• [Instructions to follow]:
Reproduce verbatim, line by line, everything from the line containing "Pragmatic : Jokers" to the last line of the listing below; add nothing.

• [Dataset content]:
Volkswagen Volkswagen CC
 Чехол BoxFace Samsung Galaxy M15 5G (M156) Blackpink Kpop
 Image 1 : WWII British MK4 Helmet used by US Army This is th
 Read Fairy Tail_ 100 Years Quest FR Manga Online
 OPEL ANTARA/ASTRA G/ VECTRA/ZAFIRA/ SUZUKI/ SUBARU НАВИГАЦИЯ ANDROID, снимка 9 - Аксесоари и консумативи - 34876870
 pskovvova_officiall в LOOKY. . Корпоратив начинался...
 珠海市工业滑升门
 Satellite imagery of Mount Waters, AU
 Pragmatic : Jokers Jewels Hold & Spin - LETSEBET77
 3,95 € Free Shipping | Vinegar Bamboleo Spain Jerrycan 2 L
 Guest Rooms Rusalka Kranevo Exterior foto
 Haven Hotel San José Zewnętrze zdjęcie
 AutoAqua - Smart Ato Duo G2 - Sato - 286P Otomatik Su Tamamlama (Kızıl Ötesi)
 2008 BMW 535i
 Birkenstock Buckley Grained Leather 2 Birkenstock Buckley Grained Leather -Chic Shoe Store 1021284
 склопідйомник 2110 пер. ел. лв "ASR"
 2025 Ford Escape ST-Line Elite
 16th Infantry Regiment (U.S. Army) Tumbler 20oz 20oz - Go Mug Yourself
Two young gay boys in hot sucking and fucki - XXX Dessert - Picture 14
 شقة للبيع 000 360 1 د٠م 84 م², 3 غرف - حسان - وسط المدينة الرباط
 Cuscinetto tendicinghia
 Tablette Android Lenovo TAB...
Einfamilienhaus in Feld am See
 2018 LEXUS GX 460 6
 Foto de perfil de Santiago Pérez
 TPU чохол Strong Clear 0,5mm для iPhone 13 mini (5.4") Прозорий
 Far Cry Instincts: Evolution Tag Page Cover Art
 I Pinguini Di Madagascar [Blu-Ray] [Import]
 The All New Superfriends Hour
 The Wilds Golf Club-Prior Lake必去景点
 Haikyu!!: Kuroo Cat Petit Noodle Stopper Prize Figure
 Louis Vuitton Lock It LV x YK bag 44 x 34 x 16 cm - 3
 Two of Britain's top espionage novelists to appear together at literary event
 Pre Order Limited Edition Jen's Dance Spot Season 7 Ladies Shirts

• [Answer to this exercise]:
 Pragmatic : Jokers Jewels Hold & Spin - LETSEBET77
 3,95 € Free Shipping | Vinegar Bamboleo Spain Jerrycan 2 L
 Guest Rooms Rusalka Kranevo Exterior foto
 Haven Hotel San José Zewnętrze zdjęcie
 AutoAqua - Smart Ato Duo G2 - Sato - 286P Otomatik Su Tamamlama (Kızıl Ötesi)
 2008 BMW 535i
 Birkenstock Buckley Grained Leather 2 Birkenstock Buckley Grained Leather -Chic Shoe Store 1021284
 склопідйомник 2110 пер. ел. лв "ASR"
 2025 Ford Escape ST-Line Elite
 16th Infantry Regiment (U.S. Army) Tumbler 20oz 20oz - Go Mug Yourself
Two young gay boys in hot sucking and fucki - XXX Dessert - Picture 14
 شقة للبيع 000 360 1 د٠م 84 م², 3 غرف - حسان - وسط المدينة الرباط
 Cuscinetto tendicinghia
 Tablette Android Lenovo TAB...
Einfamilienhaus in Feld am See
 2018 LEXUS GX 460 6
 Foto de perfil de Santiago Pérez
 TPU чохол Strong Clear 0,5mm для iPhone 13 mini (5.4") Прозорий
 Far Cry Instincts: Evolution Tag Page Cover Art
 I Pinguini Di Madagascar [Blu-Ray] [Import]
 The All New Superfriends Hour
 The Wilds Golf Club-Prior Lake必去景点
 Haikyu!!: Kuroo Cat Petit Noodle Stopper Prize Figure
 Louis Vuitton Lock It LV x YK bag 44 x 34 x 16 cm - 3
 Two of Britain's top espionage novelists to appear together at literary event
 Pre Order Limited Edition Jen's Dance Spot Season 7 Ladies Shirts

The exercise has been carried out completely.